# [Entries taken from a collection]

▶

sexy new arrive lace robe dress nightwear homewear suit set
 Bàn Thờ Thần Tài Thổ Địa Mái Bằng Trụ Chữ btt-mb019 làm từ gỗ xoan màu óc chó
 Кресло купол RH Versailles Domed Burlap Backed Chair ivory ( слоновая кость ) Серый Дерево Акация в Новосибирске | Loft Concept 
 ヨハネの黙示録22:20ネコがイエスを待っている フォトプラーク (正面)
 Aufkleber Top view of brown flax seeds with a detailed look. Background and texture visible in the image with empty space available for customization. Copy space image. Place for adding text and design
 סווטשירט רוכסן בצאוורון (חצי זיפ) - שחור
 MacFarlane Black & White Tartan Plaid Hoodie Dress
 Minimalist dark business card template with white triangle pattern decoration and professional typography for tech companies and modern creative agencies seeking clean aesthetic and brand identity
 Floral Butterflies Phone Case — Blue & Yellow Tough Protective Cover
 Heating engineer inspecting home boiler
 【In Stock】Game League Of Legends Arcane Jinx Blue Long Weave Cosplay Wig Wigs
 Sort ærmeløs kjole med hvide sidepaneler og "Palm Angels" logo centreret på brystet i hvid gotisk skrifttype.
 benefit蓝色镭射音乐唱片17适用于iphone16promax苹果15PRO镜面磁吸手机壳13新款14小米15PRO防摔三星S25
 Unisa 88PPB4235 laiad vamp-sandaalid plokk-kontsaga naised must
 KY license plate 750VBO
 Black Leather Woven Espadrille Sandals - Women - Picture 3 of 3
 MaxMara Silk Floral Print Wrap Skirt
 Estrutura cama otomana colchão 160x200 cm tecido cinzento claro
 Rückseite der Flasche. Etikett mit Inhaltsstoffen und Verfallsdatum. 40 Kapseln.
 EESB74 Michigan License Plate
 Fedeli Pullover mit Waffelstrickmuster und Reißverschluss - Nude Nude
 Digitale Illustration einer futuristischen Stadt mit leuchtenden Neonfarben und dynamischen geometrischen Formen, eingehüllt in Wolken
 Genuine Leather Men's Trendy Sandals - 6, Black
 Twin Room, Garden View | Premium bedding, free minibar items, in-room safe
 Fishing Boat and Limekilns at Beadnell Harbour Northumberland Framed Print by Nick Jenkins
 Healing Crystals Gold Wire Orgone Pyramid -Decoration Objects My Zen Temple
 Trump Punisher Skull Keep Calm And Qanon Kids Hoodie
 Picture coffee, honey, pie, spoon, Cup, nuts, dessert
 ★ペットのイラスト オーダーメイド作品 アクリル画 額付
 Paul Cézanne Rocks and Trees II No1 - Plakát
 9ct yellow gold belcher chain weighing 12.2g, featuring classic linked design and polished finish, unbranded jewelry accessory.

◀

Write only the number of lines in the records that contain the string "Blue".

# [Answer area]
2